• **What is expected**:
Take the listing below and print exactly the lines starting at the line containing "Foto del edificio - 12936 Violino Ln" and ending at the line containing "Avatar Bild für Florian Habermann", both ends included, and no others.

• **Working data**:
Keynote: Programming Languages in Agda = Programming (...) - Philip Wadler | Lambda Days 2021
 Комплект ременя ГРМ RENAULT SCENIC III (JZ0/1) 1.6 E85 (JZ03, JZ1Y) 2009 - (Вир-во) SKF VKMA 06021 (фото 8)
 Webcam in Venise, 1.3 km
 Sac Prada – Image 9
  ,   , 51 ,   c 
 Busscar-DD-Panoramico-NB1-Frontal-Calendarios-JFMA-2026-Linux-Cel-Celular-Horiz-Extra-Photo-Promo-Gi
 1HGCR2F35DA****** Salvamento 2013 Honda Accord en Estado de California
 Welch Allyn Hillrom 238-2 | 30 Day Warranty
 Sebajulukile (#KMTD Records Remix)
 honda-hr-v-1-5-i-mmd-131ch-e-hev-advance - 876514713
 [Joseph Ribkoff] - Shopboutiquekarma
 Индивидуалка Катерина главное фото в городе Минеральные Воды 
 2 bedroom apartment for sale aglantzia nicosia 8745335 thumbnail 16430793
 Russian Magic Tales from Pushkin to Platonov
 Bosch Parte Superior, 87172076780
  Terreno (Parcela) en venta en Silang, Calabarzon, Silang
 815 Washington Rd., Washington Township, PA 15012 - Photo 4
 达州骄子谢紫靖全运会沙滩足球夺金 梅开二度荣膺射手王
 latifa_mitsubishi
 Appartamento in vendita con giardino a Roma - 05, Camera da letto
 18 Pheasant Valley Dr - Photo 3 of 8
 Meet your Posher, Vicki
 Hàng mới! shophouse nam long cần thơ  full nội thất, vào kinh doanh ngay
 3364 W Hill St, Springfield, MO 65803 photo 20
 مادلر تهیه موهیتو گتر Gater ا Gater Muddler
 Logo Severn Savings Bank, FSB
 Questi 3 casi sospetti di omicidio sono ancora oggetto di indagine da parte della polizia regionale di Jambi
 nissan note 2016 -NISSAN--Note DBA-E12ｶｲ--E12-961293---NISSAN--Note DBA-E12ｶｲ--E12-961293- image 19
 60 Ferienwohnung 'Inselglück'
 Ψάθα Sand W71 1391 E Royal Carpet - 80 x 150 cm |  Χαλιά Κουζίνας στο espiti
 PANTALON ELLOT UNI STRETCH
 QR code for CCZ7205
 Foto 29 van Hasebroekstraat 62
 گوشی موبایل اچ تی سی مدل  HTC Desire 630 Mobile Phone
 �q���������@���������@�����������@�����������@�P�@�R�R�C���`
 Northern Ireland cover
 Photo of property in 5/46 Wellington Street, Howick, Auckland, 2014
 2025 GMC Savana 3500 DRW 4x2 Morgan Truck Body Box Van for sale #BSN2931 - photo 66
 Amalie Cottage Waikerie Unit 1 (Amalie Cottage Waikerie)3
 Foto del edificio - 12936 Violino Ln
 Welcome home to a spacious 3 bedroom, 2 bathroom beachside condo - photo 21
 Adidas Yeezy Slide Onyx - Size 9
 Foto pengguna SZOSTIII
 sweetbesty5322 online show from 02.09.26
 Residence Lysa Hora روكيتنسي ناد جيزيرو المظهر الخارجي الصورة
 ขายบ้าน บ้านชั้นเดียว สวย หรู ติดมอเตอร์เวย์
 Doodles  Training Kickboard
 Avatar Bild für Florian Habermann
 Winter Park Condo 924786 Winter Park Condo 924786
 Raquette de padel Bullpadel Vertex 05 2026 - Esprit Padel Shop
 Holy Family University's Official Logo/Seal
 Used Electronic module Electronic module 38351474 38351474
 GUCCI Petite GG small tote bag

• **Solution for this problem**:
 Foto del edificio - 12936 Violino Ln
 Welcome home to a spacious 3 bedroom, 2 bathroom beachside condo - photo 21
 Adidas Yeezy Slide Onyx - Size 9
 Foto pengguna SZOSTIII
 sweetbesty5322 online show from 02.09.26
 Residence Lysa Hora روكيتنسي ناد جيزيرو المظهر الخارجي الصورة
 ขายบ้าน บ้านชั้นเดียว สวย หรู ติดมอเตอร์เวย์
 Doodles  Training Kickboard
 Avatar Bild für Florian Habermann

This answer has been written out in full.